STUDENTS’ UNDERSTANDING OF LINEAR REGRESSION
Polytechnic University of Valencia (SPAIN)
About this paper:
Appears in:
INTED2015 Proceedings
Publication year: 2015
Pages: 1127-1136
ISBN: 978-84-606-5763-7
ISSN: 2340-1079
Conference name: 9th International Technology, Education and Development Conference
Dates: 2-4 March, 2015
Location: Madrid, Spain
Abstract:
In this paper we analyze students’ beliefs and difficulties in understanding linear regression methods. The knowledge can be used to develop improved teaching programs. Two groups of students are considered. The first one is involved in a statistics introductory course in the computer science engineering program. This course is taught in the first semester of the first year of the program. The topics of correlation and association, and simple linear regression are taught as part of the curriculum. A brief introduction to inference in the regression model is also included. They work only with quantitative data. The second group is formed by students in the environmental science degree. In this case the course is in the fourth year of the degree and its contents are more advanced statistical methods: analysis of variance, multiple regression, descriptive analysis of time series and some multivariate methods. These students have previously been taught introductory courses in statistics with descriptive and probability methods. The multiple regression methods are taught after and introduction with the review of correlation and association, and simple regression. The topic covers questions such as polynomial regression, use of dummy variables to include the effects of qualitative factor in the model, analysis of interactions between factors, and inference on the model. In the descriptive analysis of time series, regression is introduced to estimate temporal trends and seasonal components.

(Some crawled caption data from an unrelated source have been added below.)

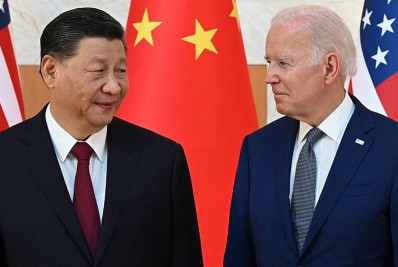Biden e Xi Jinping planejam reunião no sábado no Peru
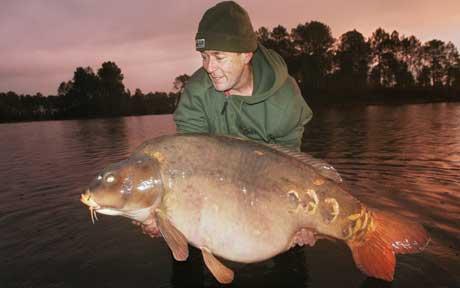 42.6kg - Lac de Curton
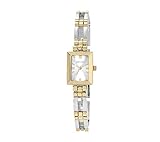 Anne Klein Women's Two-Tone Link Bracelet Watch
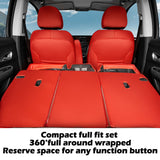 Buick Encore leather car seat covers custom fit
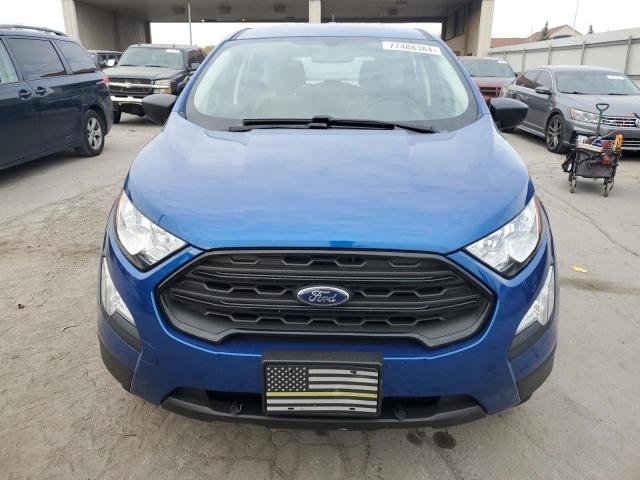 Photo 4 VIN: MAJ6S3FL3LC378930 - FORD ECOSPORT S 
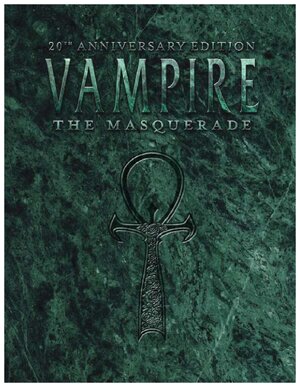 Thumbnail for Vampire The Masquerade (20th Anniversary)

In both cases the courses focus on the application of the methods with real data. The emphasis is placed in the use and interpretation of results of statistical software for estimation of statistical parameters and regression models. Several examples of activities that students have to do during the courses are presented, and the results of evaluations of these concepts are commented. Prior to studying linear regression, students develop intuition about bivariate data and statistical association between two variables, also known as covariation. Reasoning about association is an important cognitive activity that humans perform. Several examples are used to illustrate that correlation and association do not necessarily indicate causation. Abilities are developed to interpret scatterplots in order to visually determine and describe relationships between the two variables. Students are taught the different steps involved in building a model: a clear statement of the problem, data collection and initial exploration, model formulation, tentative model fitting and inference, validation of assumptions, and the use of the model to make predictions and decisions regarding the problem. Teaching of linear regression is also designed to help students to understand that a model is a useful approximation to reality but that it should never be considered the final word.Keywords:
Statistics education, linear regression models, correlation, computer science degree, environmental science degree, undergraduate students.